Go through the listing below and retype exactly the lines starting at the one with "Глютамин NotBad Glutamine, 200" and ending at the one with "Doctor Note With Signature | PDF", skipping pictures.

+++ The input +++

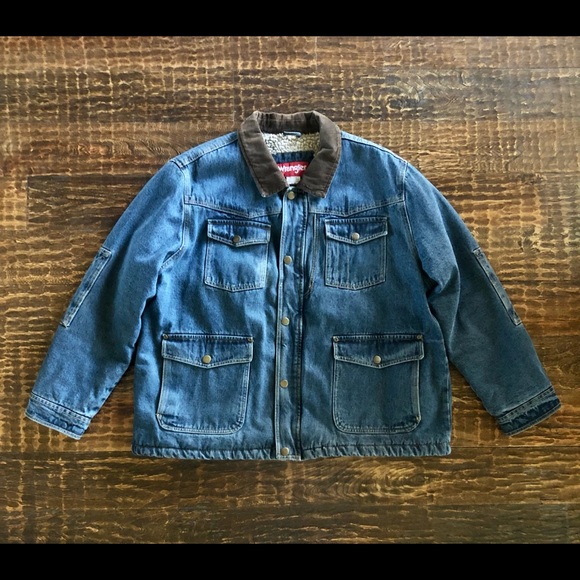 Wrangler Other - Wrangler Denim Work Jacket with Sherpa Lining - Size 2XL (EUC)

+++
+++ The input +++

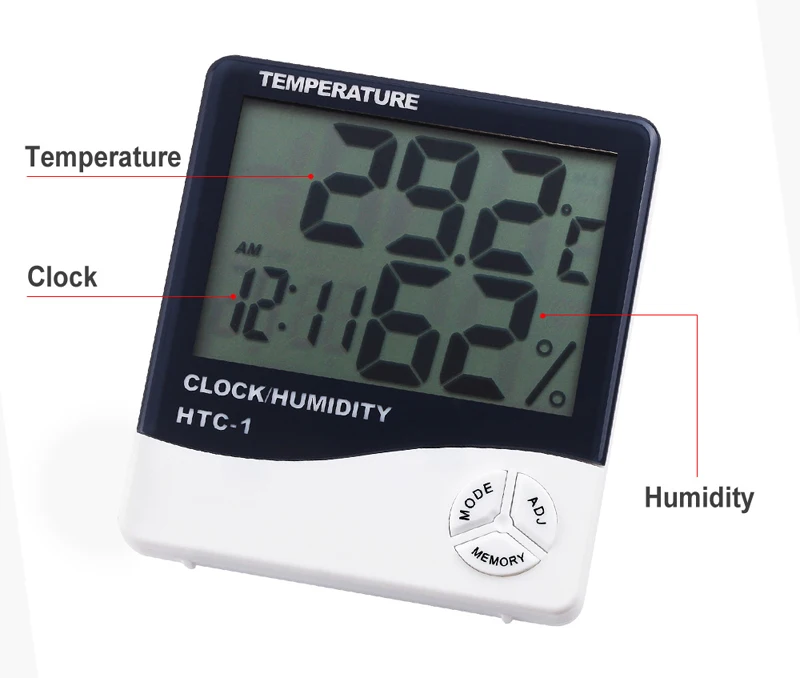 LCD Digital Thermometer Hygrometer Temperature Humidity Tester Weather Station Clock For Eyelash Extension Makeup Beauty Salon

+++
+++ The input +++

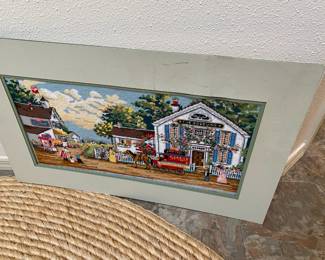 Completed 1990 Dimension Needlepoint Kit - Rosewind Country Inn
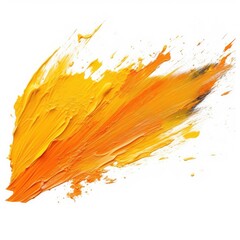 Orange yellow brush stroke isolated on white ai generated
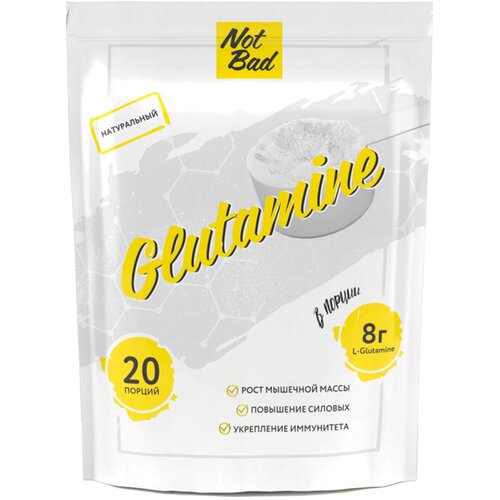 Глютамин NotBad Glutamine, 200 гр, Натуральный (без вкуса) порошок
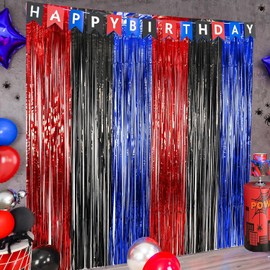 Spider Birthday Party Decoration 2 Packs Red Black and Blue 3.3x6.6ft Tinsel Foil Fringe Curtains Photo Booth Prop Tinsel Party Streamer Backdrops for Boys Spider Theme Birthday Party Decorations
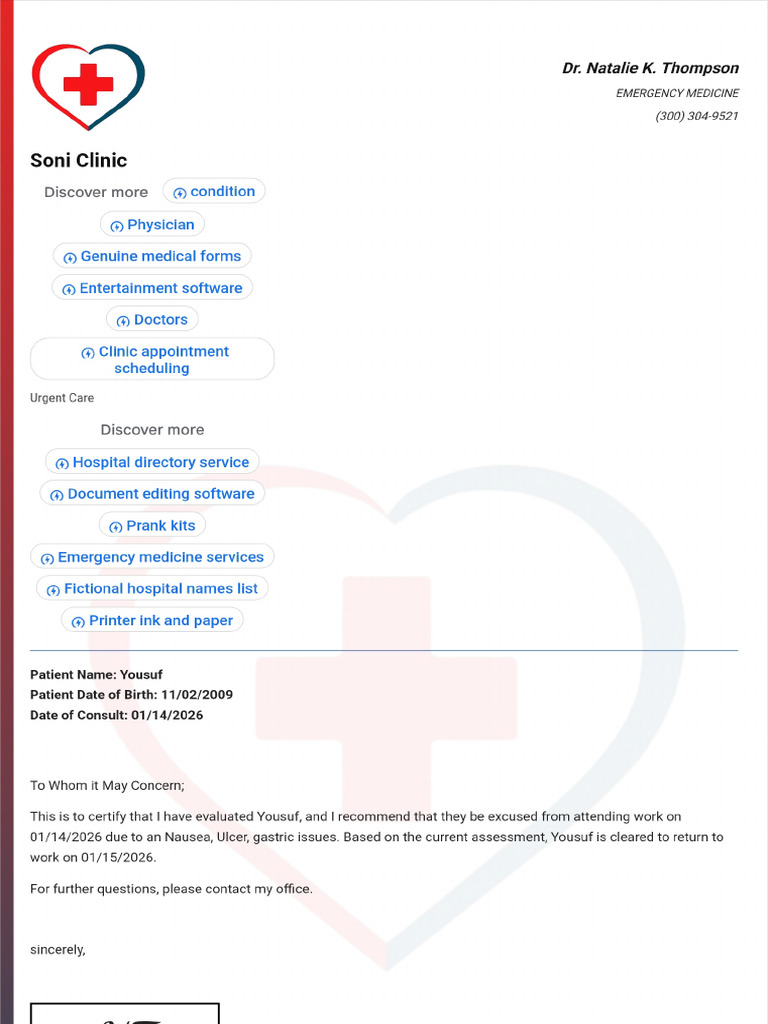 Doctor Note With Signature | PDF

+++

- [Solution to this exercise]
 Глютамин NotBad Glutamine, 200 гр, Натуральный (без вкуса) порошок
 Spider Birthday Party Decoration 2 Packs Red Black and Blue 3.3x6.6ft Tinsel Foil Fringe Curtains Photo Booth Prop Tinsel Party Streamer Backdrops for Boys Spider Theme Birthday Party Decorations
 Doctor Note With Signature | PDF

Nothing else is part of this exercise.